Savanna Ly-Nguyen
- Native name: Savanna Lý Nguyễn
- Country (sports): Vietnam
- Born: 25 August 2000 (age 25) Brampton, Ontario, Canada
- Height: 1.52 m (5 ft 0 in)
- Turned pro: 2017
- Plays: Right-handed (one-handed backhand)
- College: Washington State University

Singles
- Career titles: 0
- Highest ranking: No. 808 (24 July 2023)

Doubles
- Career titles: 0 (1 ITF)
- Highest ranking: No. 874 (9 December 2024)

Medal record
Southeast Asian Games
| Silver medal – second place | 2019 Manila | Women's singles |
| Silver medal – second place | 2021 Hanoi | Women's team |
| Bronze medal – third place | 2023 Phnom Penh | Women's singles |
| Bronze medal – third place | 2023 Phnom Penh | Women's team |

= Savanna Ly-Nguyen =

Vietnamese tennis player (born 2000)

Savanna Ly-Nguyen (Savanna Lý Nguyễn; born 25 August 2000) is a Vietnamese tennis player.

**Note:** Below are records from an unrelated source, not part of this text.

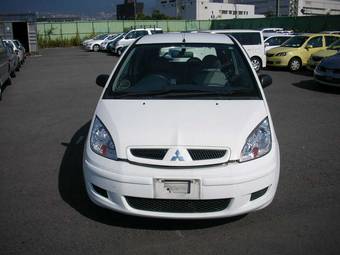 2005 Honda Fit Photos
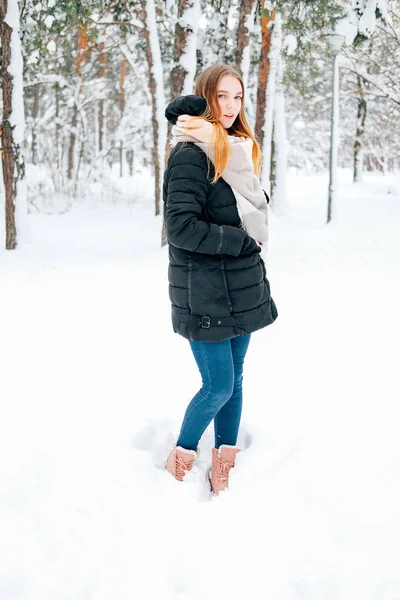 Loira Atraente Jovem Mulher Adulta Caminhando Pela Floresta Inverno Cheia — Fotografia de Stock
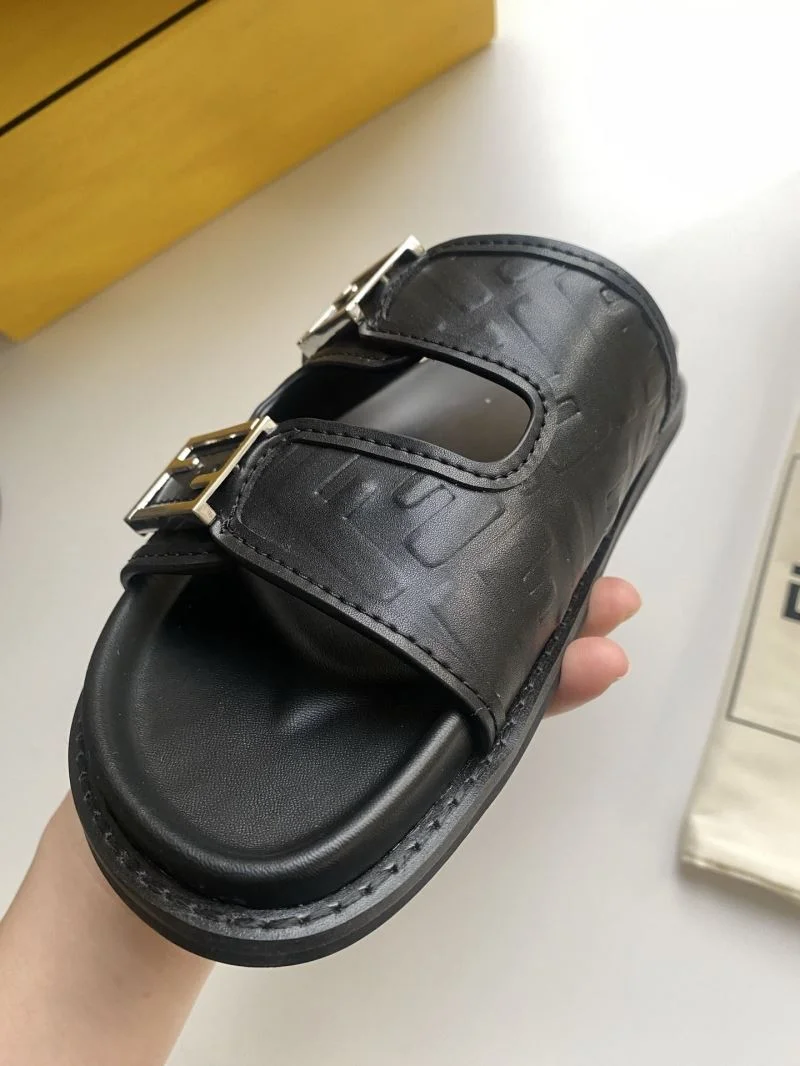 Comfortable Fendi Slippers 23597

Born in Brampton, Ontario, Canada, to Vietnamese parents, she obtained Vietnamese citizenship in 2017 and represents Vietnam in international competition. She reached career-high WTA rankings of world No. 808 in singles on 24 July 2023 and No. 874 in doubles on 9 December 2024. In 2024, she won her first ITF Women's World Tennis Tour title, capturing the doubles event at an ITF W15 tournament in Monastir, Tunisia, with Japan's Michika Ozeki.

Representing Vietnam at the Southeast Asian Games, Ly-Nguyen has won four medals. She earned the women's singles silver medal at the 2019 SEA Games, after reaching the final against Indonesia's Aldila Sutjiadi, and won women's-team silver at the 2021 SEA Games. At the 2023 SEA Games, she added bronze medals in the women's singles and women's team events. She has also represented Vietnam at the Asian Games and in the Billie Jean King Cup.

From 2018 to 2022, Ly-Nguyen played college tennis for the Washington State Cougars women's team. She finished with a 73–35 singles record and a 29–17 doubles record, received All-Pac-12 honorable mention in 2022, and was selected as a 2021 Arthur Ashe Jr. Sports Scholar.